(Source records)
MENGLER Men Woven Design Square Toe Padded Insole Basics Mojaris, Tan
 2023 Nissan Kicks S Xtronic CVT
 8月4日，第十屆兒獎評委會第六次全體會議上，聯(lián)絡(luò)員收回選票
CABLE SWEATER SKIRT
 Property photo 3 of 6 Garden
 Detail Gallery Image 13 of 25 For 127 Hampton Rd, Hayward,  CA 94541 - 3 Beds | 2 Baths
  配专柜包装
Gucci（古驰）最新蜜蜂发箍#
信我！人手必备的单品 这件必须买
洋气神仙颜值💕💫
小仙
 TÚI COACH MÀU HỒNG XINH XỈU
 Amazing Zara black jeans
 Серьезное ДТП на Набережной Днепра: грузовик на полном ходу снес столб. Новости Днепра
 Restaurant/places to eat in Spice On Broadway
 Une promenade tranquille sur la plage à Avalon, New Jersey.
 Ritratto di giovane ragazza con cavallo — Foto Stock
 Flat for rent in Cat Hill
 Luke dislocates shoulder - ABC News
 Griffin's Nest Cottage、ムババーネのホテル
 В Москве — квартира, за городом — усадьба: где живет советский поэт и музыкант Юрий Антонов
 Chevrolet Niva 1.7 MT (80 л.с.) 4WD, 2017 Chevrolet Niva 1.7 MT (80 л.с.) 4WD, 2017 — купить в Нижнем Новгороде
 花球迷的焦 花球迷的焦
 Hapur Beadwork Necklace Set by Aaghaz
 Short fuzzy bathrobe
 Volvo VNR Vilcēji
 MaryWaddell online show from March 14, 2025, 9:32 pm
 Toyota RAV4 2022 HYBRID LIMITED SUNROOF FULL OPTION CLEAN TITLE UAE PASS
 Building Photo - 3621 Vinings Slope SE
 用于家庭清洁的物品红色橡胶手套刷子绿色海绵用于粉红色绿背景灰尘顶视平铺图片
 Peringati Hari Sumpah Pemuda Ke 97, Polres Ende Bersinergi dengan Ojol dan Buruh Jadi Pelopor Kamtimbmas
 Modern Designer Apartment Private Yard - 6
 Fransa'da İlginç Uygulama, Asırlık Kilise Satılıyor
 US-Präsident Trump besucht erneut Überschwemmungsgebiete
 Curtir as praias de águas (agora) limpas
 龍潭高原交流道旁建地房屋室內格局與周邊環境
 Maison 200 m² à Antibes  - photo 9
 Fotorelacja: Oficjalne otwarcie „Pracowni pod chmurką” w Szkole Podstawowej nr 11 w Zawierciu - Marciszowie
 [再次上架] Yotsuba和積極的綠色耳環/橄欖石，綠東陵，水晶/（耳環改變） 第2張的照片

• _Prompt_: All that should be written out is the stretch of lines above between the one holding "2023 Nissan Kicks S Xtronic CVT" and the one holding "Restaurant/places to eat", inclusive, exactly as given.

• _Answer space_:
 2023 Nissan Kicks S Xtronic CVT
 8月4日，第十屆兒獎評委會第六次全體會議上，聯(lián)絡(luò)員收回選票
CABLE SWEATER SKIRT
 Property photo 3 of 6 Garden
 Detail Gallery Image 13 of 25 For 127 Hampton Rd, Hayward,  CA 94541 - 3 Beds | 2 Baths
  配专柜包装
Gucci（古驰）最新蜜蜂发箍#
信我！人手必备的单品 这件必须买
洋气神仙颜值💕💫
小仙
 TÚI COACH MÀU HỒNG XINH XỈU
 Amazing Zara black jeans
 Серьезное ДТП на Набережной Днепра: грузовик на полном ходу снес столб. Новости Днепра
 Restaurant/places to eat in Spice On Broadway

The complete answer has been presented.